Part 6: Choosing the Tweedie power and fitting the base model
Part 6: Choosing the Tweedie power and fitting the base model¶
The Tweedie family¶
CatBoost's Tweedie loss function models the compound Poisson-Gamma distribution that characterises aggregate insurance losses. The variance_power parameter p controls the variance-to-mean relationship:
p = 1: Poisson (variance proportional to mean). Appropriate for claim counts only.p = 2: Gamma (variance proportional to mean squared). Appropriate for claim severity only.1 < p < 2: Compound Poisson-Gamma. This is the distribution of aggregate losses - a point mass at zero (no claims) combined with a positive continuous distribution when claims occur.

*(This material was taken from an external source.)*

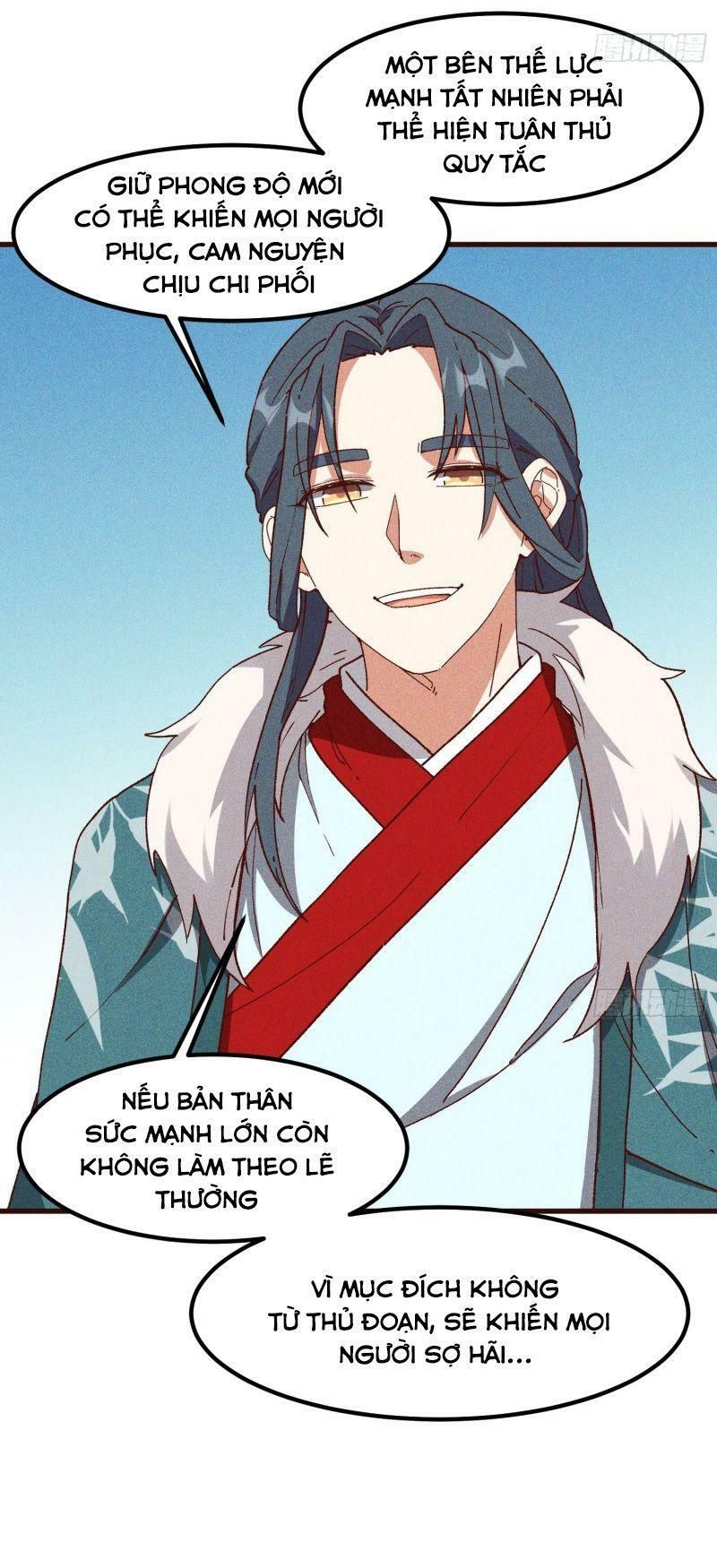 đọc truyện Linh Tôn Chi Tử Chương 77 ảnh 26 tại Thiên Thai Truyện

For UK motor pure premiums, p = 1.5 is the standard choice. This sits in the middle of the compound Poisson-Gamma range and reflects both the frequency structure (lots of zeros from no-claim policies) and the severity structure (right-skewed losses when claims occur). Using p=1.3 or p=1.7 makes a small difference to the fit. Using p outside the range (1, 2) makes a large difference and is inappropriate for aggregate loss data.
Practical note: if your book has a very low claims rate (e.g. liability, where most policies never claim), you might choose p closer to 1.0. If severity is the dominant driver of variation (e.g. catastrophe-exposed property), p closer to 2.0 is more appropriate. For standard UK motor, 1.5 is correct.
Build the Pool objects and fit the model¶
In a new cell:
# CatBoost Pool objects package features, labels, and metadata together
train_pool = Pool(X_train, y_train, cat_features=CAT_FEATURES)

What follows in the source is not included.